Hearses, goats and bags of shit
- Peep Show writers Jesse Armstrong and Sam Bain say they have often used the experiences of one of their Channel 4 bosses in their scrips. ‘Like the time he did a shit into a McDonald's bag because he was on the telephone and couldn't get to the toilet. He tried to flush the bag down the loo but it got blocked and for the next three weeks he had to go to the pub every time he needed the toilet. We put something very similar in series three.’
- Ross Noble isn’t taking his mum’s advice about not talking to strangers. While touring Australia on a motorbike, a man approached him in Broken Hill and said: ‘Follow me.’ He did, and was shown a custom-built Harley-Davidson hearse.

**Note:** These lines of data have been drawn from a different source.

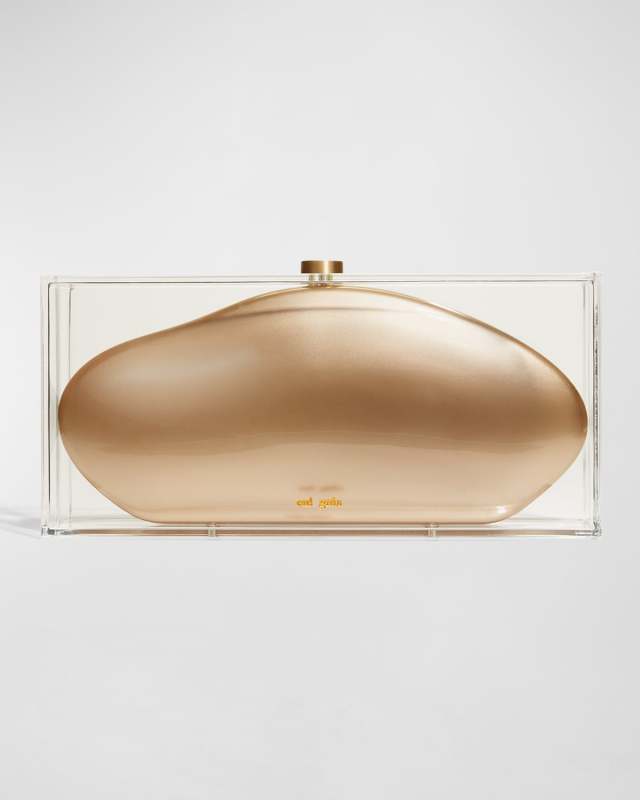 Annika Clear Acrylic Clutch Bag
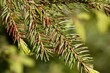 Brown and green needles of a sick fir tree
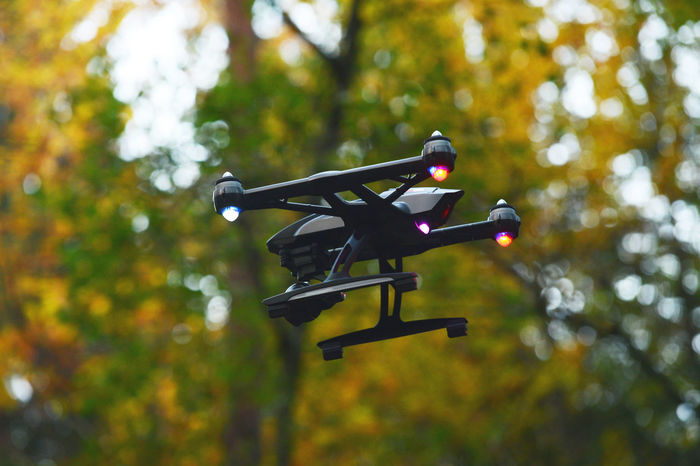 Low angle view of drone against tree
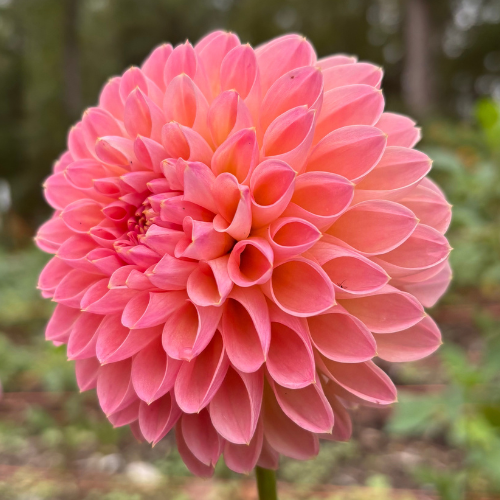 Barbarry Dominion Dahlia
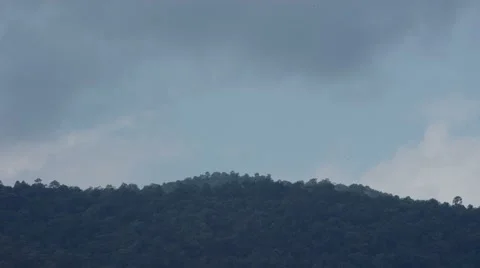 Cloud movement on the tropical rain forest Stock Footage 47732913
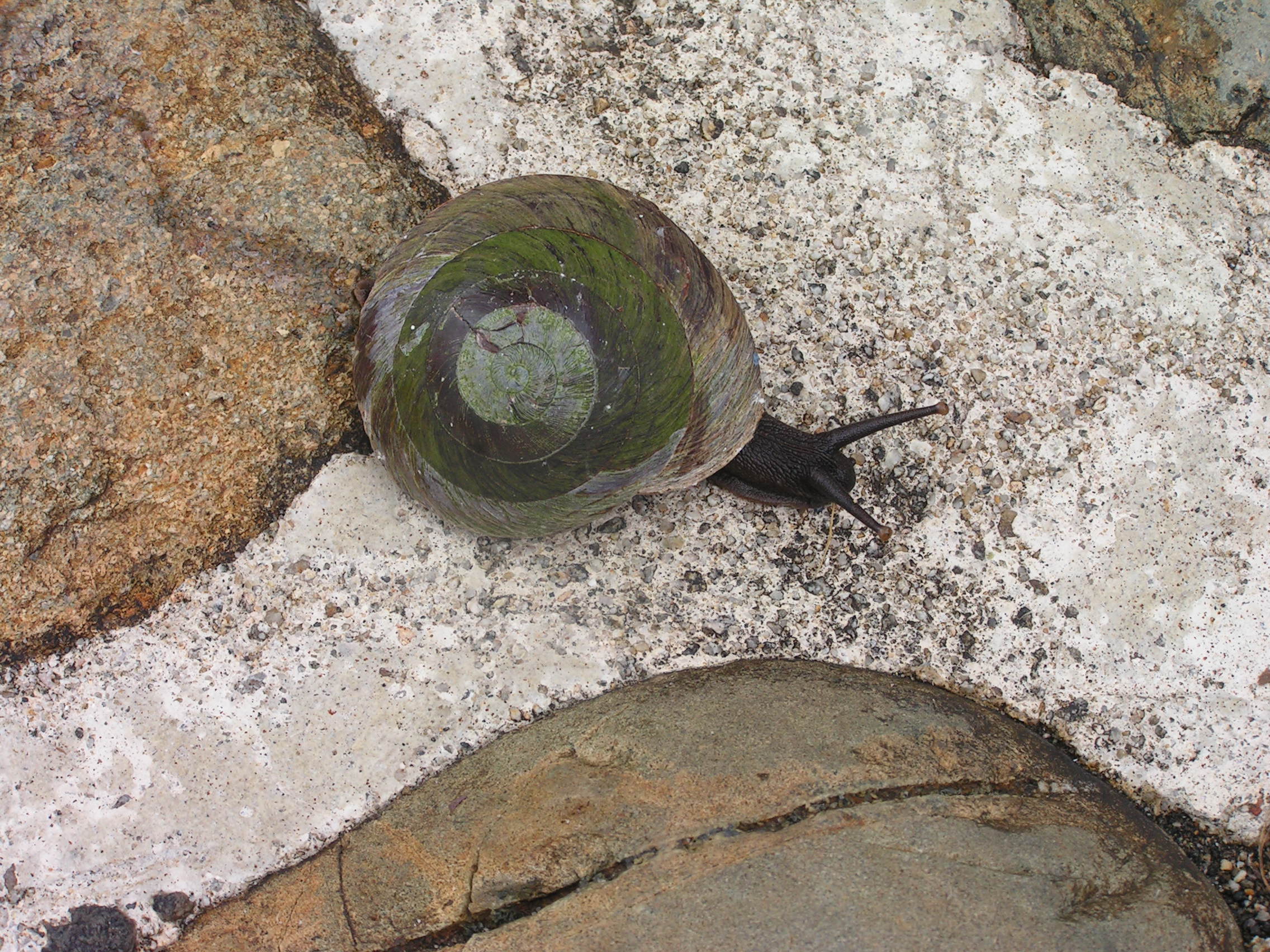 ./2005/Puerto Rico/Part 1/PICT0080.JPG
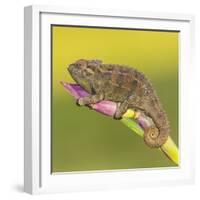 Africa. Tanzania. Rough chameleon, Trioceros rudis, at Ngorongoro crater.-Ralph H. Bendjebar-Framed Photographic Print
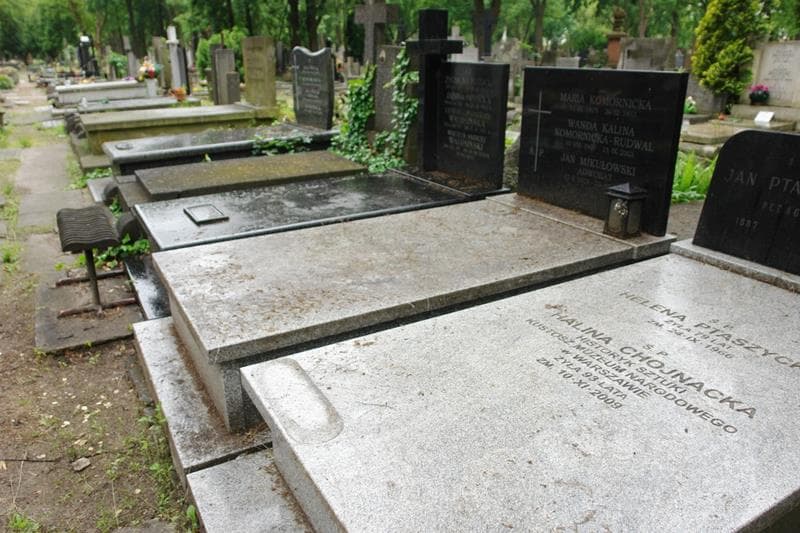 Zdjęcie grobu: Jan Mikułowski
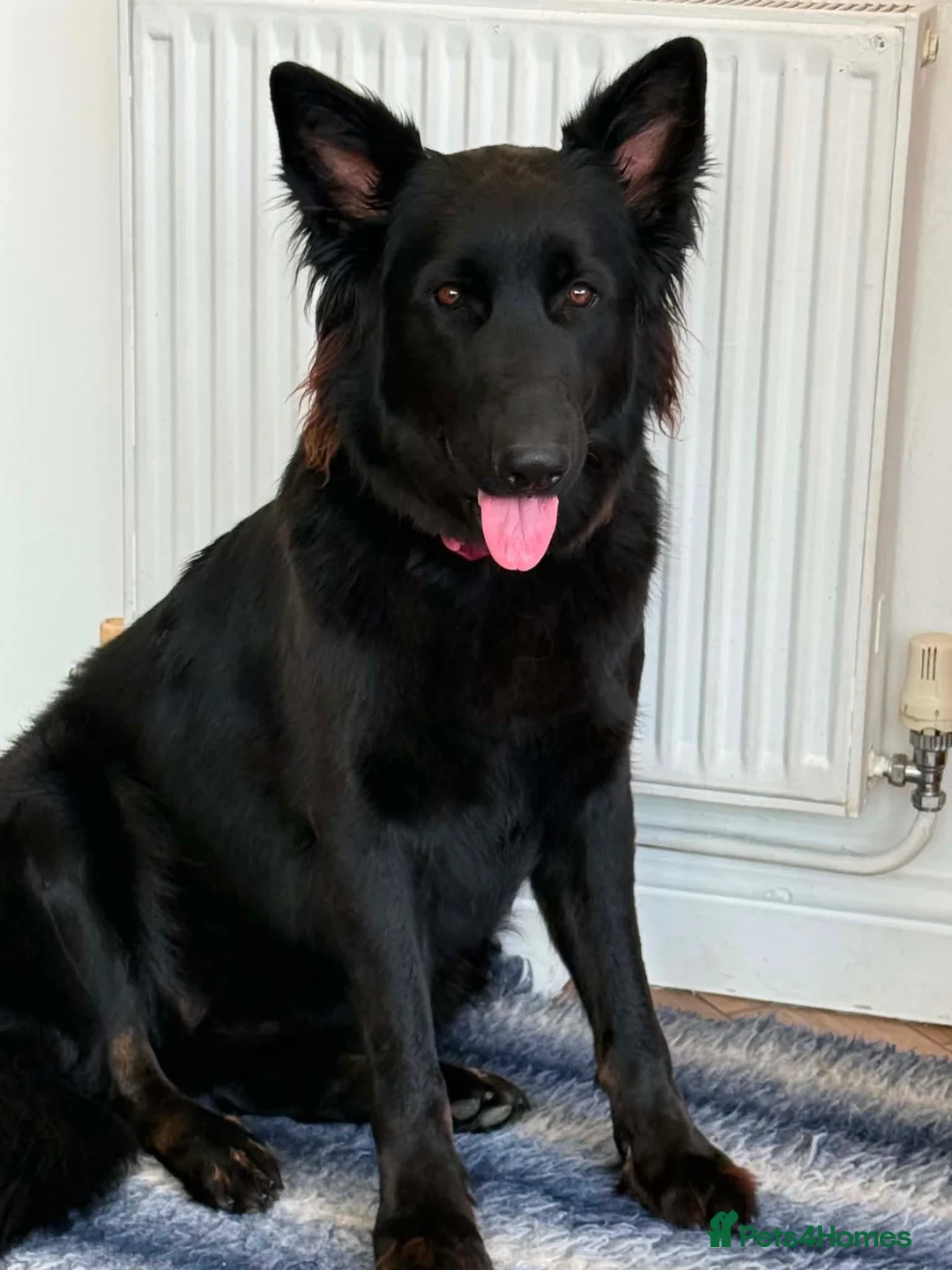 German Shepherd dogs for sale: 14 month old German Shepherd female  - Advert 1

Noble, naturally enough, lay in the coffin space while the local drove him to the cemetery.
- Peter Kay went to see the Dancing On Ice spectacular at Manchester’s MEN Arena last weekend.

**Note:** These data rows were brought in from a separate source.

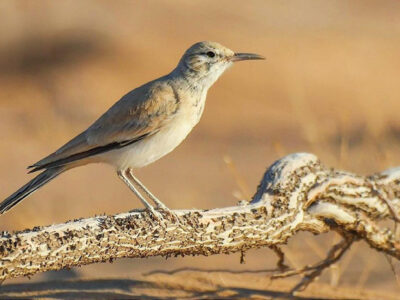 Imam Turki bin Abdullah Royal Reserve Provides a Fresh Habitat for Endangered Species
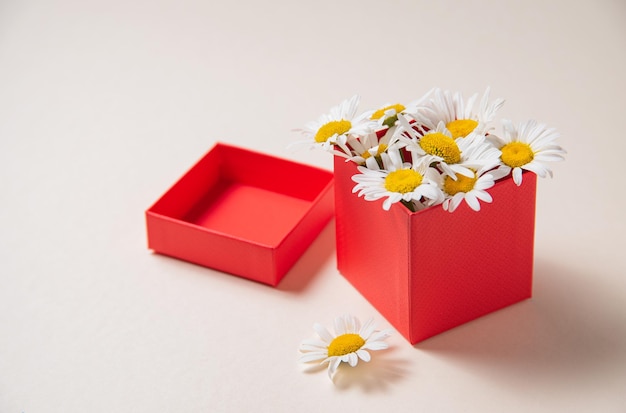 Beautiful daisy flowers in a red present box on a white background. Front view and copy space image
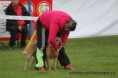 /album/cz-acd-agilitymeisterschaft/img-2510-jpg/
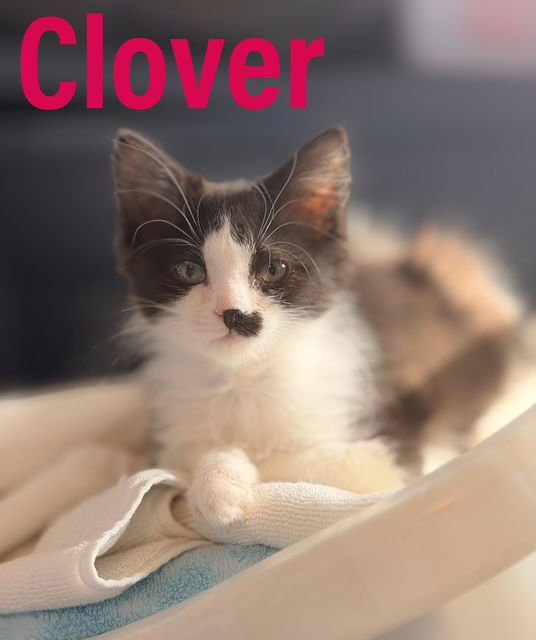 CLOVER DMH, WILLOW GROVE PA, (FCID 01/13/2026-149) - Domestic Medium Hair available for adoption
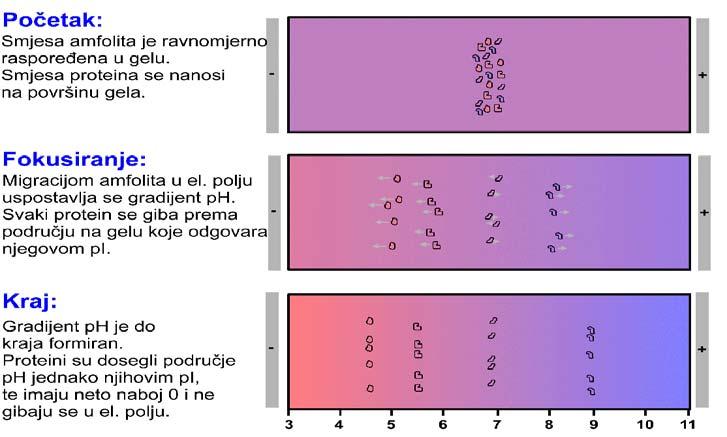 Zadatak 7. Na temelju vrijednosti pk treba izračunati neto-naboj peptida pri svakom zadanom ph. Peptid se u elektroforezi kreće prema elektrodi suprotnog naboja od njegovog vlastitog.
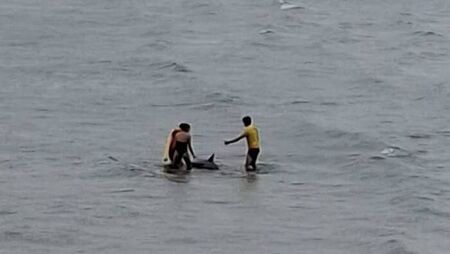 Whale rescued at Ardmore Beach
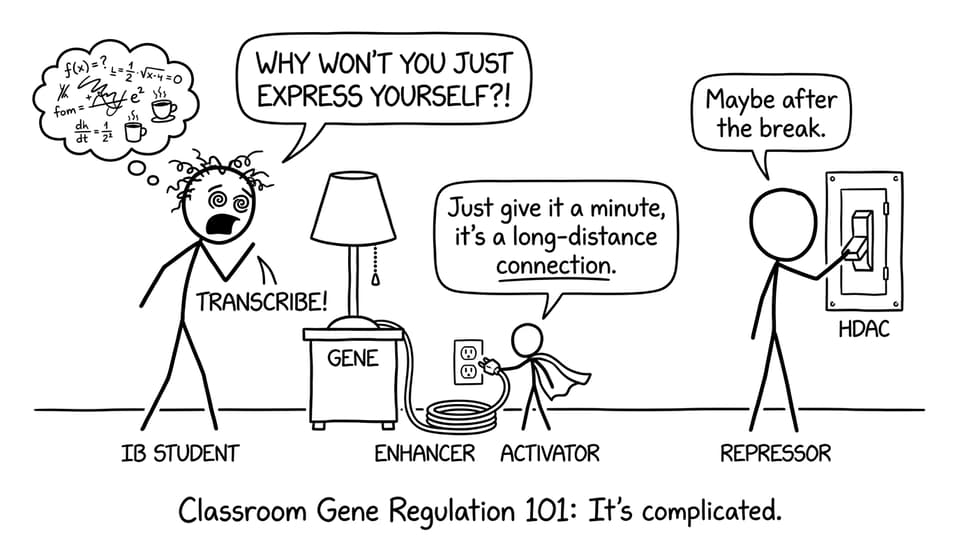 An activator and repressor argue with a lamp labeled Gene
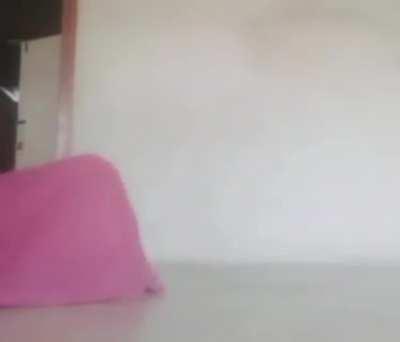 blursed_cat eater 3000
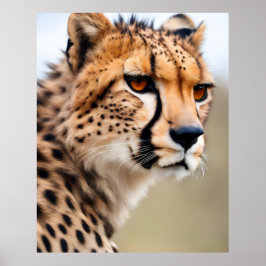 Vacker Cheetah Poster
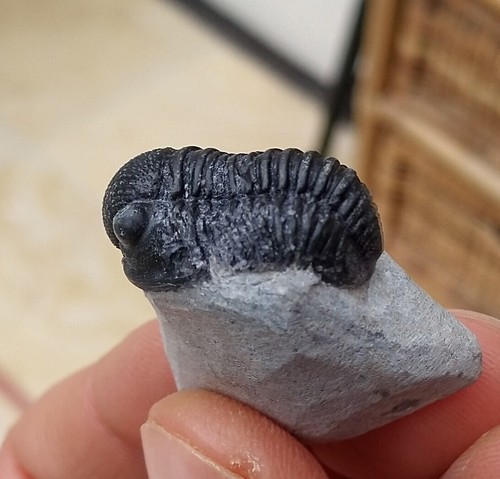Gerastos sp. Fósil de trilobites (2,4 cm) - Marruecos - Devónico - Imagen 2 de 6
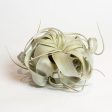 Air Plant  Xerographica  4  Online Sale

- Rock band Medusa smuggled a goat in to the studios where Russell Brand was recording a pilot of his Marvellous Ballbags chat show. They stole the animal en route to the recording and sneaked it into Brand’s dressing room where it chomped on his clothes and shat in his shoes. The comic apparently thought it was funny. Medusa, you might remember, previously garnered publicity on the back of their relationship Brand after stealing his garden gnome.
- The Daily Mail showed their on-the-pulse grasp of comedy and popular culture this week, when they confused their catchphrases in a picture story that they managed to headline: ‘Little Britain star bovvered by taxi wait.’

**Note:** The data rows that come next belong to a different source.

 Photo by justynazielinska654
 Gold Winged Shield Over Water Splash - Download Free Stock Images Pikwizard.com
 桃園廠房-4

- Armando Iannucci loves Battlestar Galactica.
- Ricky Gervais continues to annoy his neighbours with the noisy building work to add an underground swimming pool to his Hampstead mansion. Columnist Antonia Bland this week complains that his Victorian manor ‘now looks like Hitler's bunker’. She added: ‘When I first heard he was moving to our street, I imagined he'd be the most discreet of neighbours. In the event, his entrance has been worthy of P Diddy. For someone so keen on his “ordinary bloke” image, he seems to be flying far too close to the flaming object of his satire, celebrity madness.’